We propose an optimization algorithm to improve the design and performance of quantum communication networks. When physical architectures become too complex for analytical methods, numerical simulation becomes essential to study quantum network behavior. Although highly informative, these simulations involve complex numerical functions without known analytical forms, making traditional optimization techniques that assume continuity, differentiability, or convexity inapplicable. Additionally, quantum network simulations are computationally demanding, rendering global approaches like Simulated Annealing or genetic algorithms, which require extensive function evaluations, impractical. We introduce a more efficient optimization workflow using machine learning models, which serve as surrogates for a given objective function. We demonstrate the effectiveness of our approach by applying it to three well-known optimization problems in quantum networking: quantum memory allocation for multiple network nodes, tuning an experimental parameter in all physical links of a quantum entanglement switch, and finding efficient protocol settings within a large asymmetric quantum network. The solutions found by our algorithm consistently outperform those obtained with our baseline approaches -- Simulated Annealing and Bayesian optimization -- in the allotted time limit by up to 18\% and 20\%, respectively. Our framework thus allows for more comprehensive quantum network studies, integrating surrogate-assisted optimization with existing quantum network simulators.

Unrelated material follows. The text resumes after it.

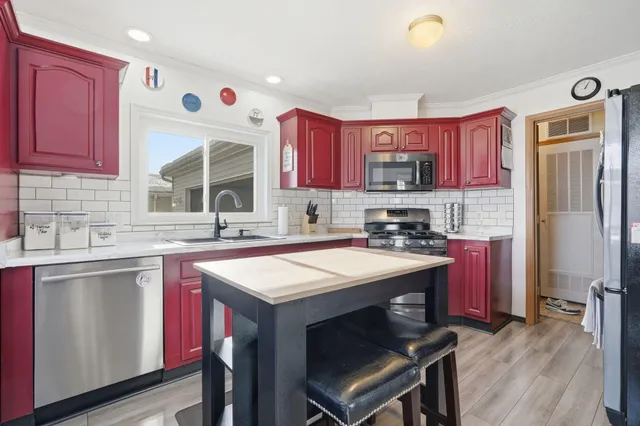 $185,000 | 5305 Cobblefield Lane, Kalamazoo, MI 49004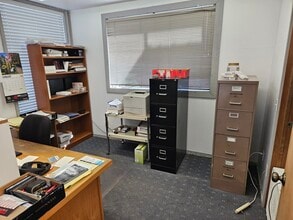 510 E 5th Ave, Post Falls, ID à louer Photo intérieure– Image 2 sur 12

翻译：我们提出一种优化算法，用于改进量子通信网络的设计与性能。当物理架构变得过于复杂而无法采用解析方法时，数值模拟对于研究量子网络行为变得至关重要。尽管这些模拟能提供丰富信息，但它们涉及没有已知解析形式的复杂数值函数，使得传统优化技术（假设连续性、可微性或凸性）不再适用。此外，量子网络模拟计算成本高昂，使得需要大量函数评估的全局方法（如模拟退火或遗传算法）在实际中难以实施。我们引入一种更高效的优化工作流，利用机器学习模型作为给定目标函数的代理。我们通过将该方法应用于量子网络中的三个经典优化问题来证明其有效性：多网络节点的量子存储器分配、量子纠缠交换机所有物理链路中实验参数的调优，以及大型非对称量子网络中高效协议设置的寻优。在限定时间内，我们的算法所找到的解决方案始终优于基线方法（模拟退火和贝叶斯优化）的结果，分别高出高达18%和20%。因此，我们的框架能够实现更全面的量子网络研究，将代理辅助优化与现有量子网络模拟器相结合。